Details and a proof-of-concept (PoC) exploit have been published for the recent Fortinet vulnerability tracked as CVE-2022-40684, just as cybersecurity firms are seeing what appears to be the start of mass exploitation attempts.
Fortinet privately informed some customers last week about the availability of patches and workarounds for a critical authentication bypass vulnerability exposing some devices to remote attacks.
The security hole allows an unauthenticated attacker to remotely perform unauthorized operations on an appliance’s admin interface using specially crafted requests. Exploitation is not difficult and it can lead to a full device takeover.
On Monday, the company made public an advisory and confirmed that the zero-day flaw had been exploited in at least one attack.

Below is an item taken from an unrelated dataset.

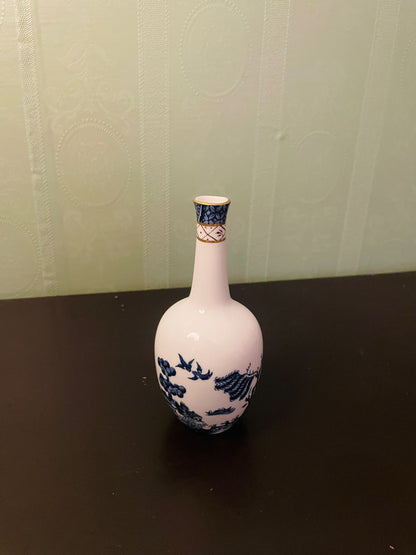 Royal Taiwan Blue Willow Bud Vases Pair 5.5 Inch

This suggested that the attack observed by Fortinet was likely the work of a sophisticated — likely state-sponsored — threat actor. However, as more details are coming to light, it’s increasingly likely that CVE-2022-40684 will be widely exploited.
Penetration testing company Horizon3.ai has made public a PoC exploit that allows an attacker to add an SSH key to the admin user, enabling the attacker to access the targeted system with administrator privileges. The firm has also released technical details, and others have created templates for vulnerability scanners.
There have been several reports over the past day indicating that scanning for systems affected by CVE-2022-40684 is underway. Threat intelligence firm GreyNoise has seen exploitation attempts coming from more than 40 unique IPs in the past 24 hours.
WordPress security company Defiant has also seen exploitation attempts, coming from nearly two dozen IPs.